__ENTRIES PROVIDED__:
== Segment start ==
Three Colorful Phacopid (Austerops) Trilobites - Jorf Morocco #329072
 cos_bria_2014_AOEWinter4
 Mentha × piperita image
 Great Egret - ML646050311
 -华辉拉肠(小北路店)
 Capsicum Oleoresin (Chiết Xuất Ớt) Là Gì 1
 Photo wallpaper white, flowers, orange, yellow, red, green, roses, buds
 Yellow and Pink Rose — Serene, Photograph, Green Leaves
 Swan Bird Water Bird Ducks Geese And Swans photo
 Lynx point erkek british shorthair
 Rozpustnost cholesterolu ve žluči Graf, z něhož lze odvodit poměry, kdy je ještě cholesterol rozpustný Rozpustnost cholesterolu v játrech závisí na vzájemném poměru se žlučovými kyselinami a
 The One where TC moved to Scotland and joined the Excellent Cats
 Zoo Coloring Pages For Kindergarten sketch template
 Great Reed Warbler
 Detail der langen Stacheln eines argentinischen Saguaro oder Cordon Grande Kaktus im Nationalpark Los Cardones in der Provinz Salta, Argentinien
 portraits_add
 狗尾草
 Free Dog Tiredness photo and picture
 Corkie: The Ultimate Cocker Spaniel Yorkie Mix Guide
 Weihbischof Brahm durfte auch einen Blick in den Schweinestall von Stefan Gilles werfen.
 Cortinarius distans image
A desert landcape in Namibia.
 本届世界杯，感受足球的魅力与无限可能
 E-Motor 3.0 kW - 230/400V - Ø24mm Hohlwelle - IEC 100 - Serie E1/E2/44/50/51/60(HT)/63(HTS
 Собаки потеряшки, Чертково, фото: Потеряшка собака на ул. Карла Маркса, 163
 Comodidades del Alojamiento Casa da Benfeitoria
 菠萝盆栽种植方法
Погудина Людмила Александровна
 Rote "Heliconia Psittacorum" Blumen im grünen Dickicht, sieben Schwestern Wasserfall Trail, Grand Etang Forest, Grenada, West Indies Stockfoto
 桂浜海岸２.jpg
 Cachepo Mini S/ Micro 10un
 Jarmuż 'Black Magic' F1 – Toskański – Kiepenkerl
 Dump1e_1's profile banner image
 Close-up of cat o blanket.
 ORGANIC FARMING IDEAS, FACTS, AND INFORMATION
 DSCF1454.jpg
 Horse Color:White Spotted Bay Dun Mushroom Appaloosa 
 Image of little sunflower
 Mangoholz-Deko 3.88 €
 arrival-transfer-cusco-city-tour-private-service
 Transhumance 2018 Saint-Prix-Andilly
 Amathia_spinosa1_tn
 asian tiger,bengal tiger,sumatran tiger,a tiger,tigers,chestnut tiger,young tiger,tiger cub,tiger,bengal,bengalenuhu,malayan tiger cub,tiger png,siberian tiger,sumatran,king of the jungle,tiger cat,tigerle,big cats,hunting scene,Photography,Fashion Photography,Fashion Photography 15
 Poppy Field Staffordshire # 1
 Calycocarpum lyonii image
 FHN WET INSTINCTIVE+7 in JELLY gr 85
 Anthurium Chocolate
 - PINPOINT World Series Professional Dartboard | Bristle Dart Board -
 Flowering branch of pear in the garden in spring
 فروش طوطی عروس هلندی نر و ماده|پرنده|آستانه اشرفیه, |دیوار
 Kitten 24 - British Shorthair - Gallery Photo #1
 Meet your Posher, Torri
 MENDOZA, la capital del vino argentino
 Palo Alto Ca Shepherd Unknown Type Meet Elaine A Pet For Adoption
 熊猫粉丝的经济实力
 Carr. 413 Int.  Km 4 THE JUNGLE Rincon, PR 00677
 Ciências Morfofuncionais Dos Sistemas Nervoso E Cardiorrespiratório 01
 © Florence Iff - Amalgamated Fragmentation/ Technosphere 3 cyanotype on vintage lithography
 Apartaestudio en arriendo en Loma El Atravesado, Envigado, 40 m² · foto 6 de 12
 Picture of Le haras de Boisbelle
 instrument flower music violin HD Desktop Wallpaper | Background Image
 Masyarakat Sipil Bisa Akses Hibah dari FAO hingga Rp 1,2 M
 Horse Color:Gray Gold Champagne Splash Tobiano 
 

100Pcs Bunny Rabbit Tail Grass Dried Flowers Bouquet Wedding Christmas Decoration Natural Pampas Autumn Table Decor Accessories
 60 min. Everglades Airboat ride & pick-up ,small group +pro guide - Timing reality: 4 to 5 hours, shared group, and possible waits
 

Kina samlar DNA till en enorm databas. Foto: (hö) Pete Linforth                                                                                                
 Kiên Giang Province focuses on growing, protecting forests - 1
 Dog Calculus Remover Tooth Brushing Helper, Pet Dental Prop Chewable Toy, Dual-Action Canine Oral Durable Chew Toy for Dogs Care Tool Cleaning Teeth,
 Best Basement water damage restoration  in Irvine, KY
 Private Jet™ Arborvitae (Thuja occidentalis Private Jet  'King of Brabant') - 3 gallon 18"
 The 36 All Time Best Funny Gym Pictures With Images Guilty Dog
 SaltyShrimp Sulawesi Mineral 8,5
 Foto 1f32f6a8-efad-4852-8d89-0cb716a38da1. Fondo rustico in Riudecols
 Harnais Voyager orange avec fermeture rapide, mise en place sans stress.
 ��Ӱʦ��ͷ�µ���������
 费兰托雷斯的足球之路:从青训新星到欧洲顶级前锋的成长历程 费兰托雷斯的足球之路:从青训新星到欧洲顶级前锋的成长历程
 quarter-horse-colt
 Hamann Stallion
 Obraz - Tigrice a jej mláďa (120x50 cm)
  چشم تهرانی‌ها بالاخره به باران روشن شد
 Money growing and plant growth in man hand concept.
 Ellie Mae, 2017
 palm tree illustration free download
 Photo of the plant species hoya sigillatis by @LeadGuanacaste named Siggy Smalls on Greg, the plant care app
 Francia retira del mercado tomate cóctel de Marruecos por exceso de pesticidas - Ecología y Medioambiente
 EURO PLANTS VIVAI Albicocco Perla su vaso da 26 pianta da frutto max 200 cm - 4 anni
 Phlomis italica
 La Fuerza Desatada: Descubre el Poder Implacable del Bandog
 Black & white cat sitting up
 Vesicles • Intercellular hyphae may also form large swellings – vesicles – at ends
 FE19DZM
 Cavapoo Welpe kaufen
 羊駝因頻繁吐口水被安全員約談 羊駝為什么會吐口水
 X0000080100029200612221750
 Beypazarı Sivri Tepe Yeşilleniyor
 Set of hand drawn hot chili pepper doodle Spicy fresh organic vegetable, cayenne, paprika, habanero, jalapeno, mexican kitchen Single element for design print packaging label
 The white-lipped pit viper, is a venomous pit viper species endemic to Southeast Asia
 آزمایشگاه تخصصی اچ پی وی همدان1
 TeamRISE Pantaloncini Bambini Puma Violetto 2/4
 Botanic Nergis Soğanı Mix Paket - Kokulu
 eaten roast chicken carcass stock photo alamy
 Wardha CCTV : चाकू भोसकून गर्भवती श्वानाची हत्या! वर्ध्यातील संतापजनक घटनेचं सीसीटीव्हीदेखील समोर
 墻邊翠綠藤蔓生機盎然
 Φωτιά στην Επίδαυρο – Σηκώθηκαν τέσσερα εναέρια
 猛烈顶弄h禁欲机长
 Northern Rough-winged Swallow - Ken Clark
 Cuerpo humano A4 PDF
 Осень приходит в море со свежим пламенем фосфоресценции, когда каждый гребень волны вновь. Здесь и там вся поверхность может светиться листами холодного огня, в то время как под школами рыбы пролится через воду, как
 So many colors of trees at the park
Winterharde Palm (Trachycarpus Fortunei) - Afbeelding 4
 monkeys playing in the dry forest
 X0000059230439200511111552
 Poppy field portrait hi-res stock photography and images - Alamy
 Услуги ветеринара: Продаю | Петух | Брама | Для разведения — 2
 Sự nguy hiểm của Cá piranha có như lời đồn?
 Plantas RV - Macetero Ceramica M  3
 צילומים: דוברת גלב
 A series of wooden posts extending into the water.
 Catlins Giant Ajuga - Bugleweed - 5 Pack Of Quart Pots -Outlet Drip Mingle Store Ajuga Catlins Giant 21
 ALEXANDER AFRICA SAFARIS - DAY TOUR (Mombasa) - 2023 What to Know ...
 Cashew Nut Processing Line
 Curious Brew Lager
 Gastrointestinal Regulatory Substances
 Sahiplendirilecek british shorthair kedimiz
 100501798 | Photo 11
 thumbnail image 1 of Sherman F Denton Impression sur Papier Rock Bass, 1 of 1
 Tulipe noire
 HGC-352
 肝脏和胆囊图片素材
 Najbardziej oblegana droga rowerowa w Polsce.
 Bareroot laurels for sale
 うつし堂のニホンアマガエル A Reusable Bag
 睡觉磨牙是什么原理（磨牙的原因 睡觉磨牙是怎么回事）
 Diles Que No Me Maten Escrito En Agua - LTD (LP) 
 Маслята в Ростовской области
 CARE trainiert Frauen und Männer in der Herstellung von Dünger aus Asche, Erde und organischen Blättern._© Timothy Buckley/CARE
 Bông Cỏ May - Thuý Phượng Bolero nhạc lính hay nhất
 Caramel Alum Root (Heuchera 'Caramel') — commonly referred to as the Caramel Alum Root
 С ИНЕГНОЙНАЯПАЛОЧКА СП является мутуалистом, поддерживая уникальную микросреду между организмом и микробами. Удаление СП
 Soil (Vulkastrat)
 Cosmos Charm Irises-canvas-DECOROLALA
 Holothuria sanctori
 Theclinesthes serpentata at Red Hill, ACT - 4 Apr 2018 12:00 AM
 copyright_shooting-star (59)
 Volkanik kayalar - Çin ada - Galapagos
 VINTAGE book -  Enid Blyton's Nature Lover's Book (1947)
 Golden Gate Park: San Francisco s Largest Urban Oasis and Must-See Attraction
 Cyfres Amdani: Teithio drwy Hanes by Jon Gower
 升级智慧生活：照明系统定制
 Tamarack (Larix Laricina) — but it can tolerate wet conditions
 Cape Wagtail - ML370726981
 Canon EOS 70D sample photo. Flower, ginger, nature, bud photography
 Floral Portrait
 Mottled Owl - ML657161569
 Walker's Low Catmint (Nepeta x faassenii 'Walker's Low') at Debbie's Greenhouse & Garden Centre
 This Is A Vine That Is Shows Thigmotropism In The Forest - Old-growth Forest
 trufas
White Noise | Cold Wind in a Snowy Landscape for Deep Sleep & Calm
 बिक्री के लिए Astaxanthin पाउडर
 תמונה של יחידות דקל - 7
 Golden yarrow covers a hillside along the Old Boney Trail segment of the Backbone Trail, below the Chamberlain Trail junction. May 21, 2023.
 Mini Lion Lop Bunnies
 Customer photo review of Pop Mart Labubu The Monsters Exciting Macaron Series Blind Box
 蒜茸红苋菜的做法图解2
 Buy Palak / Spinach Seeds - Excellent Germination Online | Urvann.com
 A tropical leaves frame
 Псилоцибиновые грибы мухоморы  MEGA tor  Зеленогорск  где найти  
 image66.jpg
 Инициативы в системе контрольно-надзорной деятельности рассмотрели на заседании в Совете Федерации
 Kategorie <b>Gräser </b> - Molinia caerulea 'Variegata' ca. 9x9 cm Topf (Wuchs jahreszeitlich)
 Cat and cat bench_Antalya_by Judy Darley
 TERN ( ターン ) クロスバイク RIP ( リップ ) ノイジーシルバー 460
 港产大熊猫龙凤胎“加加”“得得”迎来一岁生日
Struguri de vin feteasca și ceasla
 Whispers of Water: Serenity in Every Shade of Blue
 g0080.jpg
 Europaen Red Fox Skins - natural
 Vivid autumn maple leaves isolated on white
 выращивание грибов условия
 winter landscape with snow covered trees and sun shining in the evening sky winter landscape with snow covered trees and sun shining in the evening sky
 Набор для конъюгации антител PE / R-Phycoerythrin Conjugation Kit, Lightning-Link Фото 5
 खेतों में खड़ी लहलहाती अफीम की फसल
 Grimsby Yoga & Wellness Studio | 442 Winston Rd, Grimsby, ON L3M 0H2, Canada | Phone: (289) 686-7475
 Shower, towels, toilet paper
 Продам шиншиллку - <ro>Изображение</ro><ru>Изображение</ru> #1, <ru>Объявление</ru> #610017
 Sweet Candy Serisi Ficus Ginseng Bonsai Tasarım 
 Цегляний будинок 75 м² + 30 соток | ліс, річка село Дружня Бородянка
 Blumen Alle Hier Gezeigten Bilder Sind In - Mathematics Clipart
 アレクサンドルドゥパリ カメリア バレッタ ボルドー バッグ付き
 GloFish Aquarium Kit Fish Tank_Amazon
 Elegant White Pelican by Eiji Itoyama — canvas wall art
== Segment end ==
__WHAT TO WORK ON__:
Taking the entries above, restate exactly those lines that fall between the line with "Yellow and Pink" and the line with "Great Reed Warbler", keeping both of those lines too.

__ANSWER SECTION__:
 Yellow and Pink Rose — Serene, Photograph, Green Leaves
 Swan Bird Water Bird Ducks Geese And Swans photo
 Lynx point erkek british shorthair
 Rozpustnost cholesterolu ve žluči Graf, z něhož lze odvodit poměry, kdy je ještě cholesterol rozpustný Rozpustnost cholesterolu v játrech závisí na vzájemném poměru se žlučovými kyselinami a
 The One where TC moved to Scotland and joined the Excellent Cats
 Zoo Coloring Pages For Kindergarten sketch template
 Great Reed Warbler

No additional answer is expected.